# Servlet auf Tomcat



## BRT006 (21. Nov 2003)

Hallo!

Ich steige gerade in Servlets ein und habe das erste soweit fertig, jedoch: wie kann ich das Servlet auf dem Tomcat Server auf meinem Linuxsystem testen? Wo muss das Servlet hin, muss ich es am Server registrieren? Gibt es in den gängigen IDE's nen integrierten Servletrunner, dass das Entwickeln leichter wird?

THX für ein paar Tipps und Anregungen.


----------



## mixer (26. Nov 2003)

Gundsätzlich muss jedes Servlet beim Tomcat angemeldet werden. Dies geschieht mittels "web.xml" im Projektverzeichnis.

Aber von ganz vorne:

Erst muss die Applikation dem Tomcat angemeldet werden. Dies geschieht mittels "server.xml" im Projektverzeichnis.
<tomcat_home>/conf - Verzeichniss.

Füge dazu einfach einen Context hinzu:

<Context
path="/testservlet"
docBase="C:/test"
crossContext="false"
debug="0"
reloadable="true"/>

das verzeichnis c:/test ist das projektverzeichnis. Dieses hat in etwa folgende stuktur:

/source/
/html/
/WEB-INF/classes/
/WEB-INF/lib/
/WEB-INF/web.xml

im /Source befinden sich deine Java-Sourcen bzw. das servlet (z.B. ch.deineDomain.dasProjekt.source). 
im /html befinden sich all deine html-files
im WEB-INF/classes befinden sich die compilierten java-klassen
im WEB-INF/lib evtl. Java-Bibliotheken.
Das WEB-INF/web.xml sieht dann etwa so aus:

<web-app>
<servlet>
<servlet-name>suchen</servlet-name>
<servlet-class>ch.deineDomain.dasProjekt.suchenServlet</servlet-class>
</servlet>
<welcome-file-list>
<welcome-file>/html/menu.html</welcome-file>
</welcome-file-list>
</web-app>

Hiermit meldest du das "suchenServlet" unter dem Name "suchen" beim Tomcat an.
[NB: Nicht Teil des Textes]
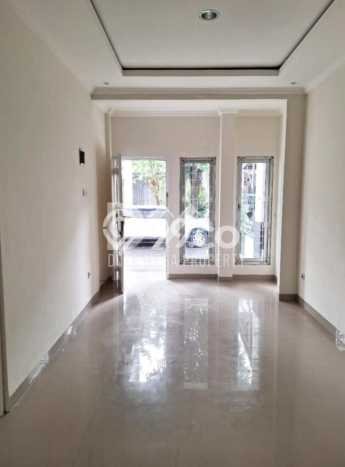 Rumah Modern 3 Kamar LT 72m2 di Graha Raya Rumah Modern 3 Kamar LT 72m2 di Graha Raya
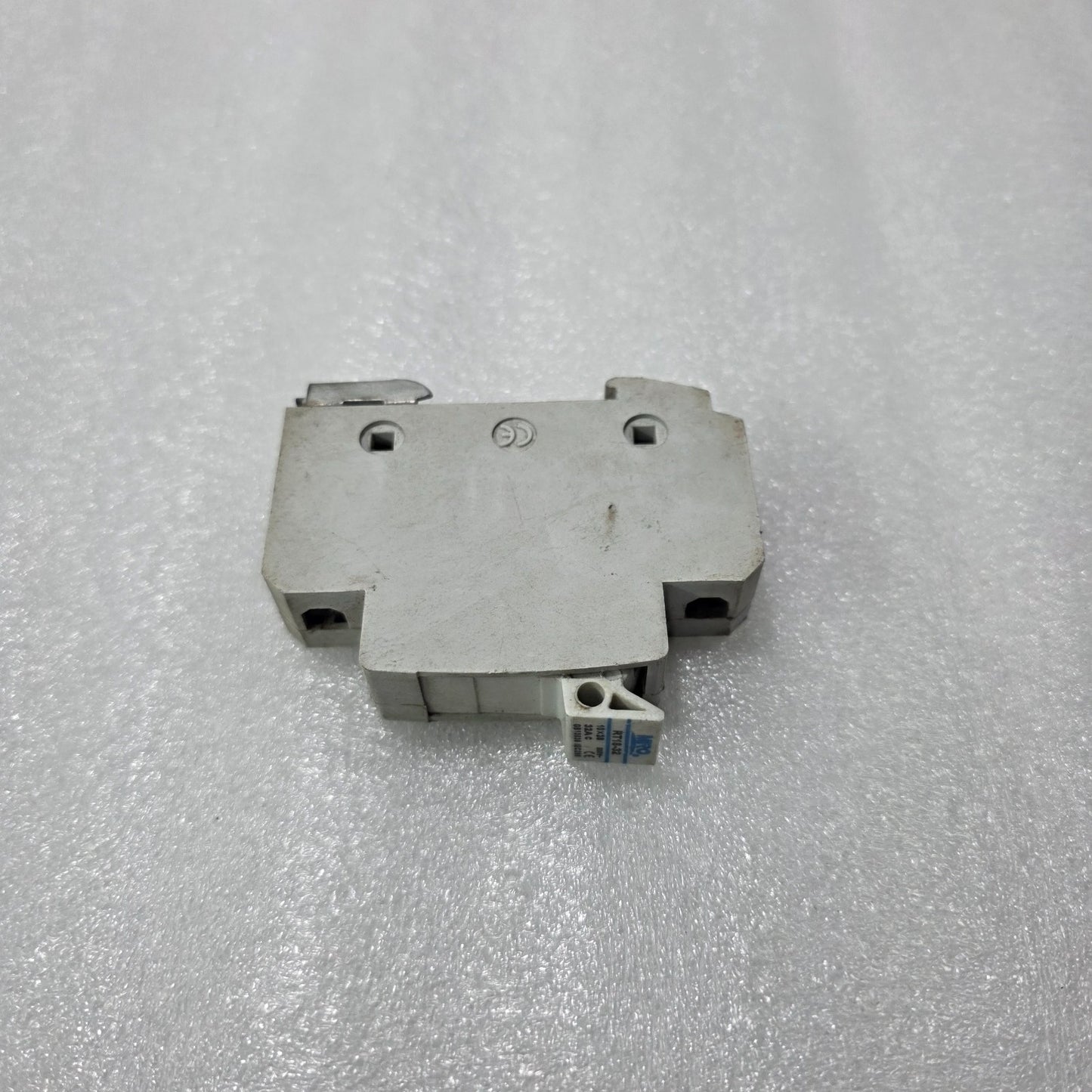MRO RT18-32 FUSE HOLDER 10X38 32A 500V DIN RAIL MOUNT IEC269 INDUSTRIAL FUSE BAS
Wenn du nun den tomcat (auf localhost:8080) startest, solltest du unter http://localhost:8080/testservlet das menu.html (welcome-file) erreichen können. Auch sollte ein aufruf "http://localhost:8080/testservlet/suchen" das servlet "ch.deineDomain.dasProjekt.suchenServlet" starten.

...das soll nur so ne anregung sein, wie's funktionieren kann. hoff ich habe keine syntax-fehler gemacht. - hab's aus dem kopf geschrieben und nicht ausprobiert. - sollte aber eigentlich gehen.

Gruss
Mixer


----------